• RECORDS PROVIDED:
---------------

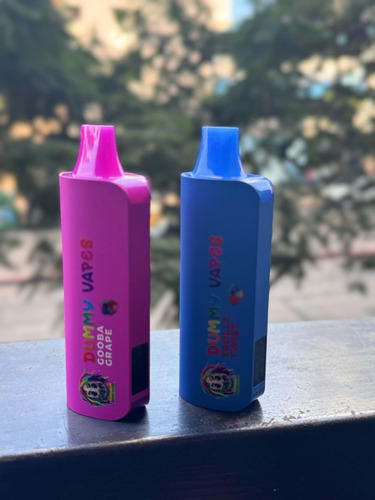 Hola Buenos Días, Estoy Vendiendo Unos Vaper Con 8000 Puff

---------------

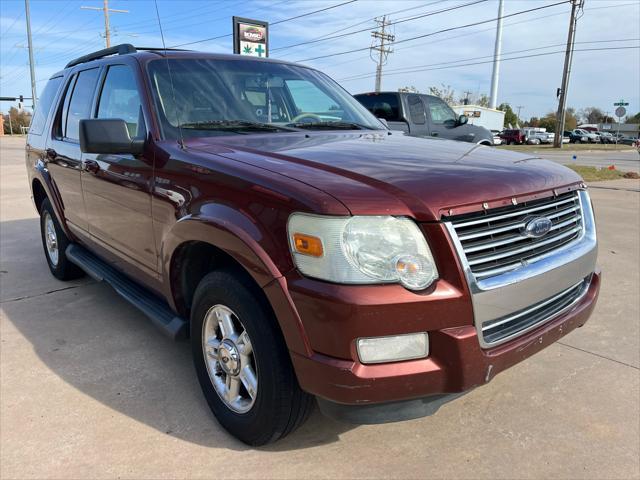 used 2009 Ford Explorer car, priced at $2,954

---------------

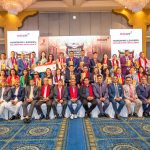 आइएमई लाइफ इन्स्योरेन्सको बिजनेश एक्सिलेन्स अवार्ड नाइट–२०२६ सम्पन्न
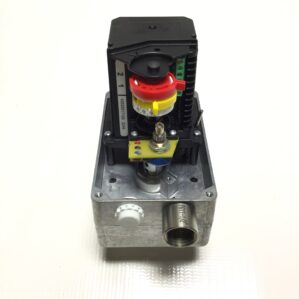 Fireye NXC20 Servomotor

---------------

• WHAT IS REQUIRED: Write out, word for word, the stretch of entries that begins at the line with "आइएमई लाइफ इन्स्योरेन्सको" and ends at the line with "Fireye NXC20 Servomotor". Pictures do not belong in it.

• WRITTEN SOLUTION:
 आइएमई लाइफ इन्स्योरेन्सको बिजनेश एक्सिलेन्स अवार्ड नाइट–२०२६ सम्पन्न
 Fireye NXC20 Servomotor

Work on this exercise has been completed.